#### EXERCISE
The copy has to match the data exactly and leave out every picture.

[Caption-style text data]
○ ○ ○

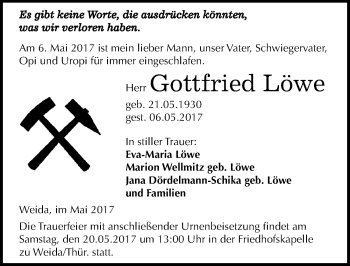 Traueranzeige von Gottfried Löwe von Mitteldeutsche Zeitung Sangerhausen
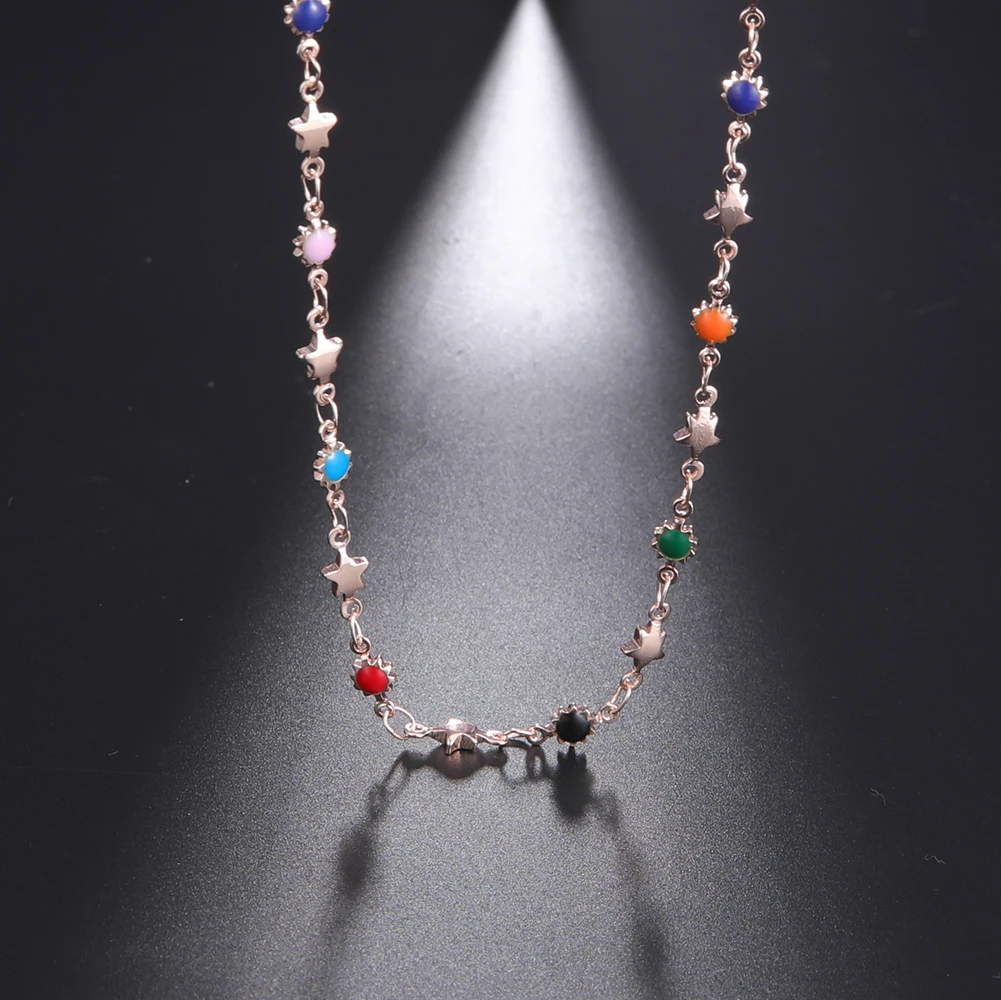 Ожерелье чокер женское из нержавеющей стали с разноцветными эмалированными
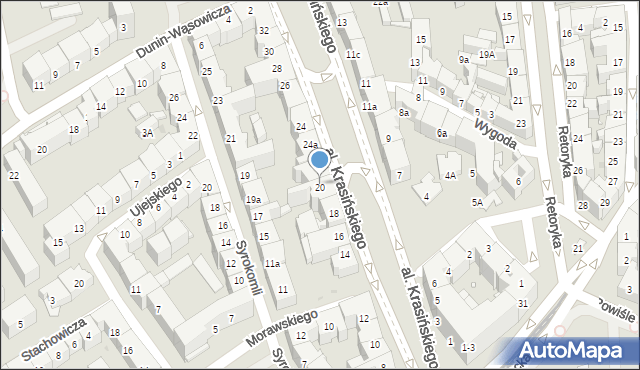 Kraków, Aleja Krasińskiego Zygmunta, 20, mapa Krakowa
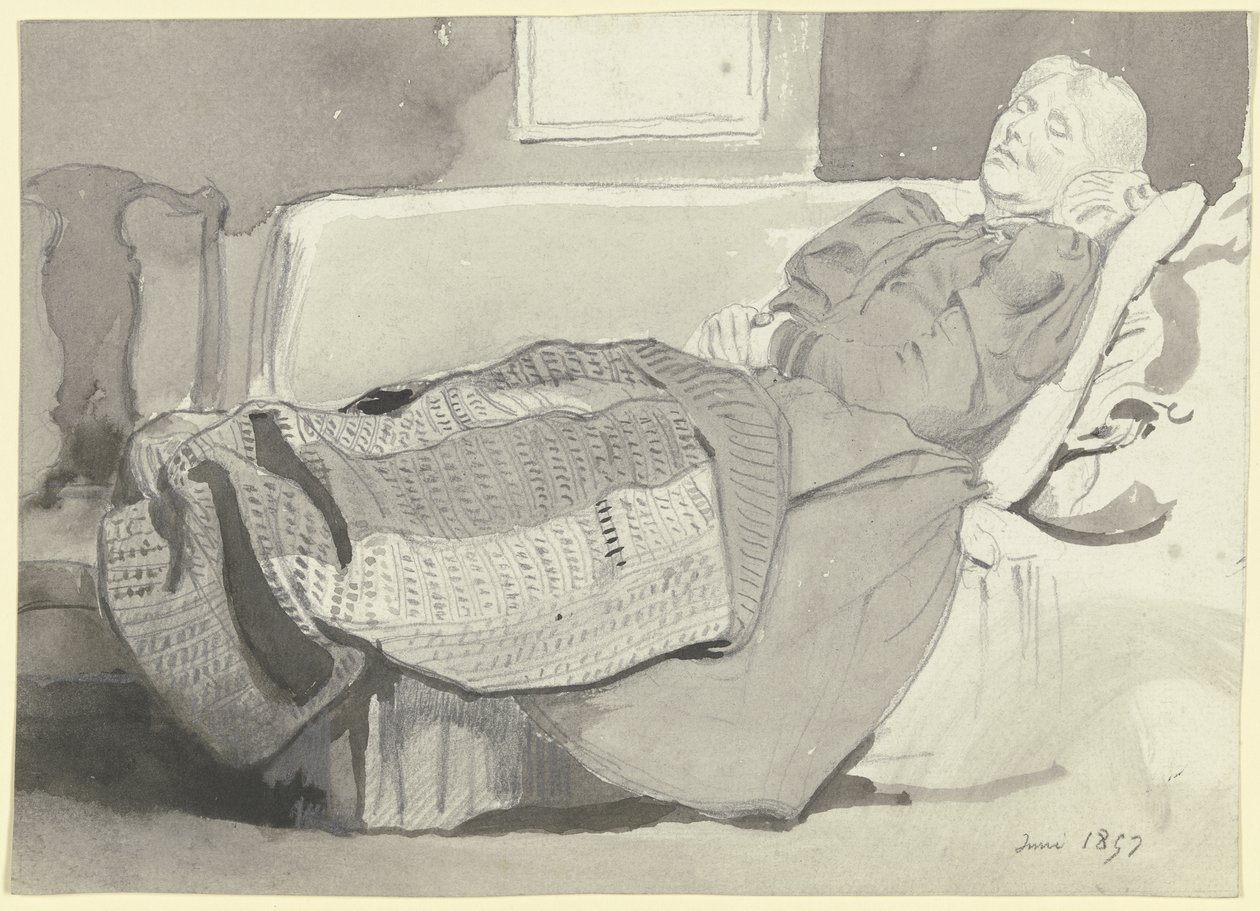 Luise Scholderer che dorme sul divano da Otto Scholderer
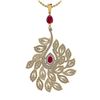 Image 1 : Certified 3.99 Ctw SI2/I1 Ruby And Diamond 14K Yellow G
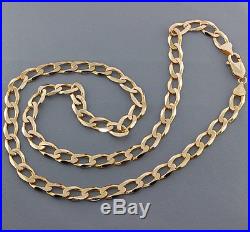Heavyweight British Hallmarked 9ct Gold Solid Curb Chain 22.5 RRP £1210 BAL14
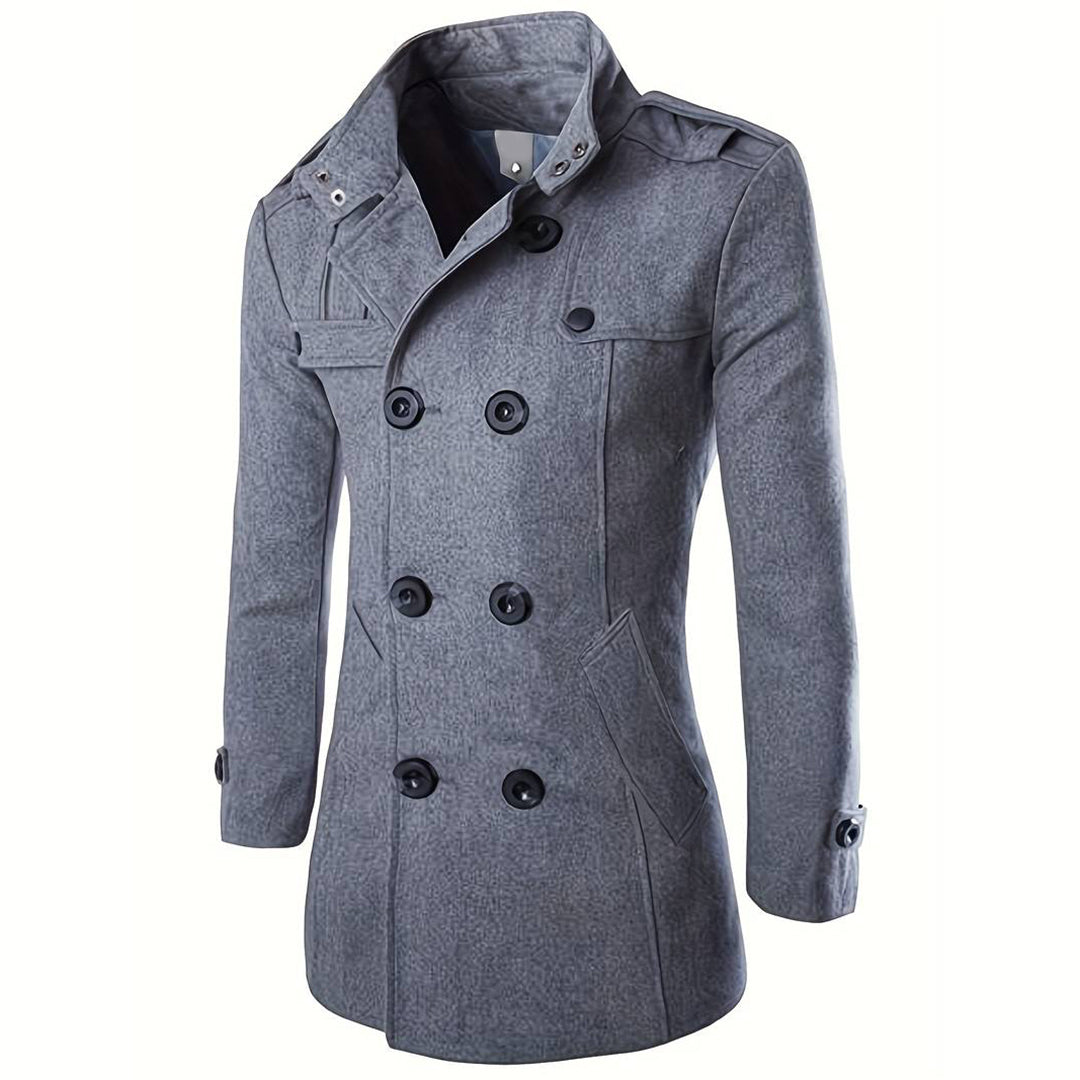 WW | Tailored fit Wool Double-breasted High collar Shoulder epaulets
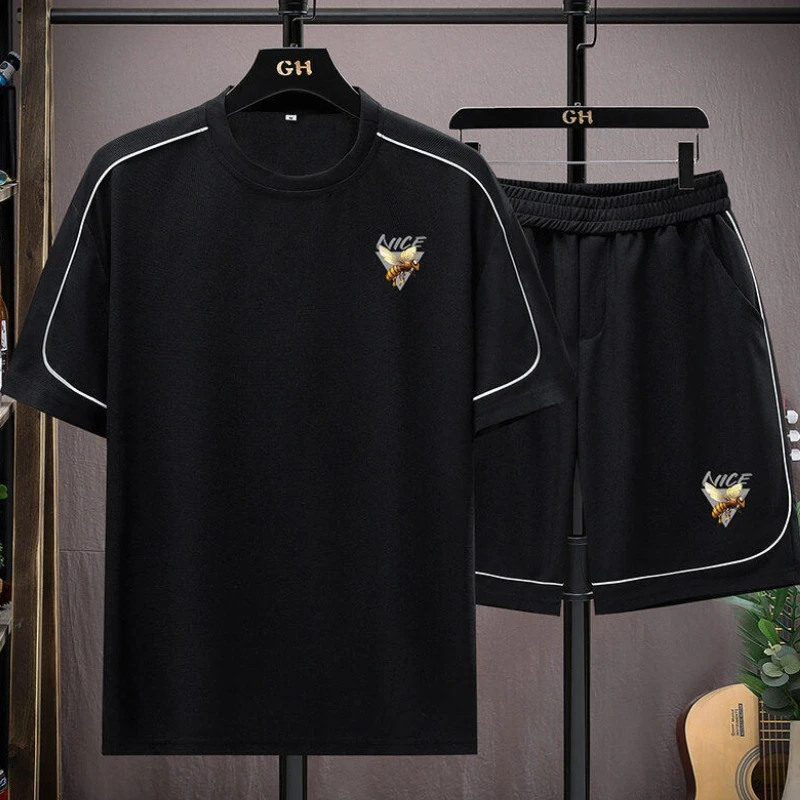 2025 Summer Waffle 2 Piece Set T-shirts+shorts Men's Sets Sports Set Basketball Running Social Outdoors Streetwear Suits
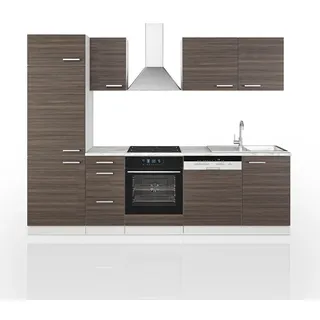 Vicco Küchenzeile Optima 270 cm Edelgrau/Weiß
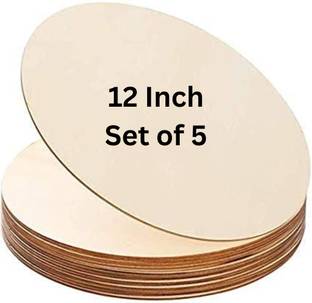 kumawatfeb unfinished round circle 12 inch set of 5 for art craft Pine Wood Veneer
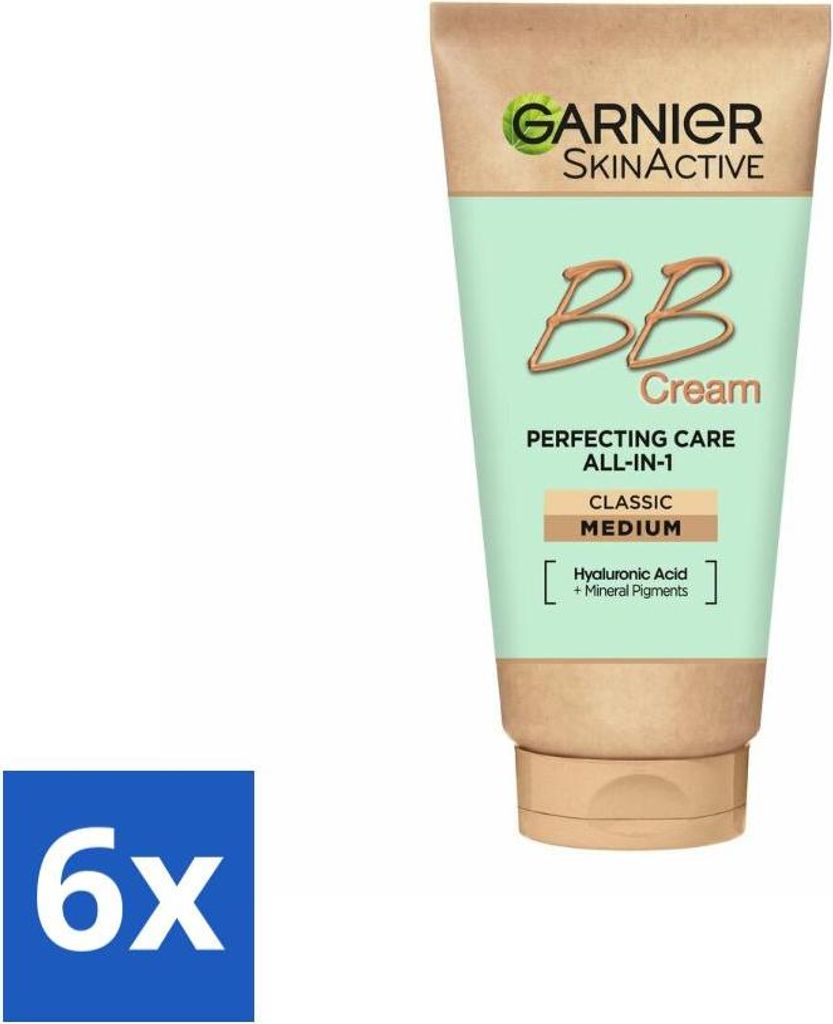 Garnier SkinActive BB Cream Classic Medium 5in1 Pflege 50 ml - Vorteilspack - 6 Stücke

○ ○ ○

#### COMPLETED TASK
 Traueranzeige von Gottfried Löwe von Mitteldeutsche Zeitung Sangerhausen
 Ожерелье чокер женское из нержавеющей стали с разноцветными эмалированными
 Kraków, Aleja Krasińskiego Zygmunta, 20, mapa Krakowa
 Luise Scholderer che dorme sul divano da Otto Scholderer
 Image 1 : Certified 3.99 Ctw SI2/I1 Ruby And Diamond 14K Yellow G
Heavyweight British Hallmarked 9ct Gold Solid Curb Chain 22.5 RRP £1210 BAL14
 WW | Tailored fit Wool Double-breasted High collar Shoulder epaulets
 2025 Summer Waffle 2 Piece Set T-shirts+shorts Men's Sets Sports Set Basketball Running Social Outdoors Streetwear Suits
 Vicco Küchenzeile Optima 270 cm Edelgrau/Weiß
 kumawatfeb unfinished round circle 12 inch set of 5 for art craft Pine Wood Veneer
 Garnier SkinActive BB Cream Classic Medium 5in1 Pflege 50 ml - Vorteilspack - 6 Stücke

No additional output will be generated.